Sundance 2021 Review: Peter Nicks’ “Homeroom” Offers A Spirited Education in Political Activism

It wouldn’t be necessary to watch “The Waiting Room” and “The Force” before seeing “Homeroom,” but over the past decade Peter Nicks has put together a series of films set in his hometown of Oakland that have formed a narrative arc that is larger than any one of the three. The director has said this was largely unplanned, but in spending time at the emergency room in Highland Hospital, the Oakland Police Department and now at Oakland High School, he’s created a portrait of people realizing what power they have – and that they don’t – in the face of a system that rarely works for anyone. Intriguingly, it’s perhaps that in “Homeroom,” the students at Oakland High don’t know any better that they appear poised to have greater success at change than their uninsured counterparts in “The Waiting Room” or the reform-driven police chief Sean Whent in “The Force,” given a seat at the table in decision-making because of Oakland’s allowance of two student representatives to sit on the city’s school board.
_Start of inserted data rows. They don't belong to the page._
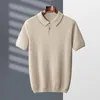 Men's Sweaters S-XXL Pullover Men's Polo Pure Cashmere Short Sleeve Sweater Casual Premium Knitted Thin T-shirt Summe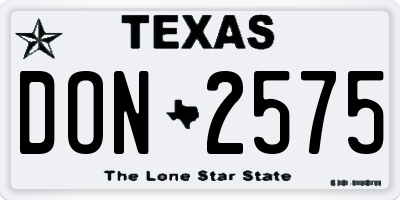 TX license plate DON2575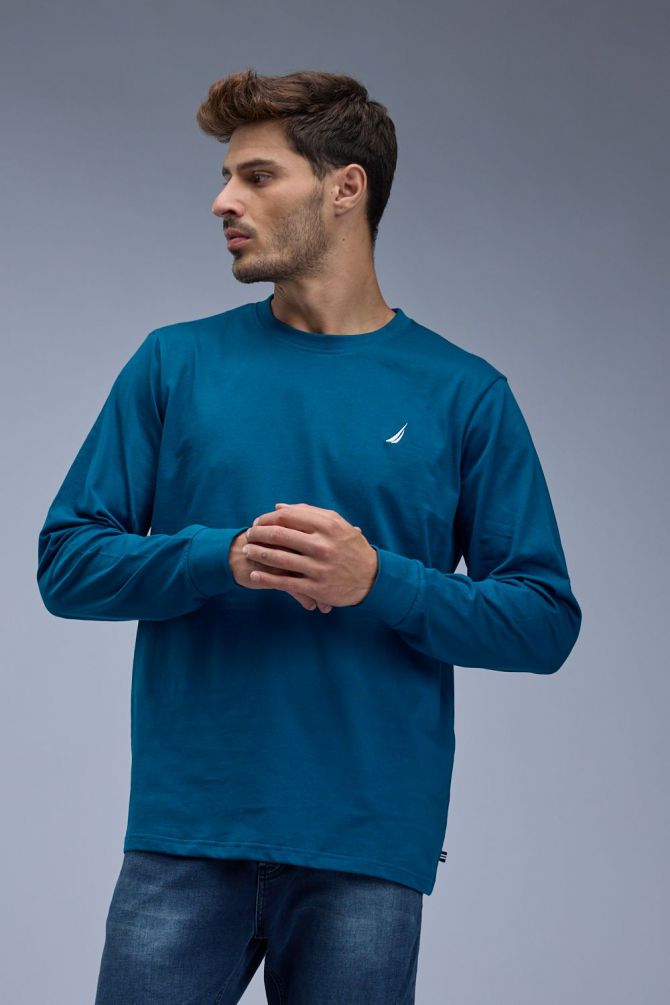 טי שירט ארוכה Nautica עם לוגו רקום לגברים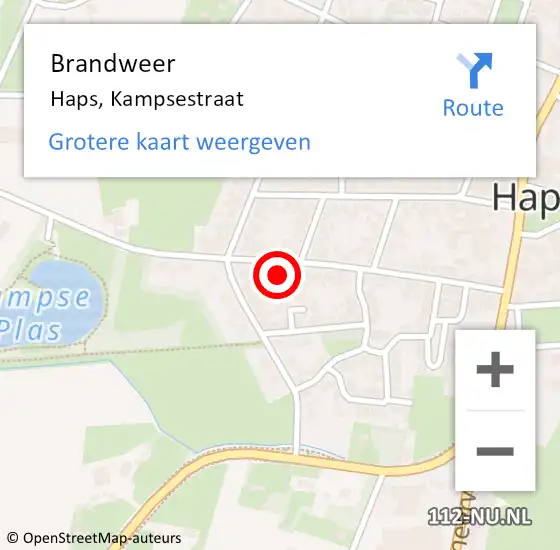 Locatie op kaart van de 112 melding: Brandweer Haps, Kampsestraat op 17 juli 2023 17:39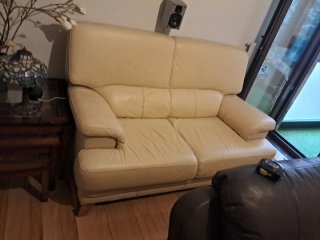 Divano in Pelle Beige a 2 Posti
“It behooves you to be super-engaged today because tomorrow is looming,” a teacher can be overheard instructing her students in “Homeroom,” the type of vague inspirational statement that seems ideal for the students at Oakland High where it’s become increasingly incumbent on the students to seek out an education outside the classroom. With an ongoing budget shortfall that has continued to put pressure on the school district to cut to the bone, there’s an obvious math problem to be reckoned with when the $2.3 million spent annually on police protection is considered a sacred cow by the city and it becomes a focal point for the All City Council, the student union collective that Oakland High is a part of. There is complete agreement between Denilson Garibo from Oakland High and Mica Smith-Dahl from Life Academy, another school in the area, and they use their place as student reps on the school board to attempt to break the contract with the vociferous support from fellow students and parents yet little traction amongst board members.

Structurally, “Homeroom” would seem to be straightforward, but it has its own battles to fight as the film naturally would seem to lend itself to being an ensemble piece if not for the strong gravitational pull towards the charismatic Denilson to be its anchor and for the 2019-2020 class to unfold chronologically, though it runs straight into the disruption of COVID-19 in the spring. Although the film can get caught occasionally in trying to do too much when it has such a strong central storyline — it seems like a more prominent role for Edgar, a student in the school’s production of “In the Heights,” was a casualty of finding the right balance, though he still plays a pivotal role in the film – Nicks and editors Rebecca Adorno and Kristina Motwani give a nice amount of flavor from a school year that is less organized around school sports and dances than political protest and house parties, crafting cinema out of text messages and TikTok videos.

Whether or not the students prevail in removing the police department from their schools, “Homeroom” rings triumphant when it’s clear their organizing hasn’t gone in vain with lessons learned from getting signatures for petitions and meetings with the mayor — particularly as a precursor to the Black Lives Matter movement’s calls for the redistribution of city funds away from police departments in the summer of 2020 — that you expect they’ll carry with them for life. But a less obvious but equally inspiring takeaway is the fact that Nicks has stayed to tell stories in Oakland when his previous work surely opened up other opportunities elsewhere and when “Homeroom” celebrates those fighting for a place they believe in, the film demonstrates both in observation and by example what awesome might that can have.

“Homeroom” does not yet have U.S. distribution.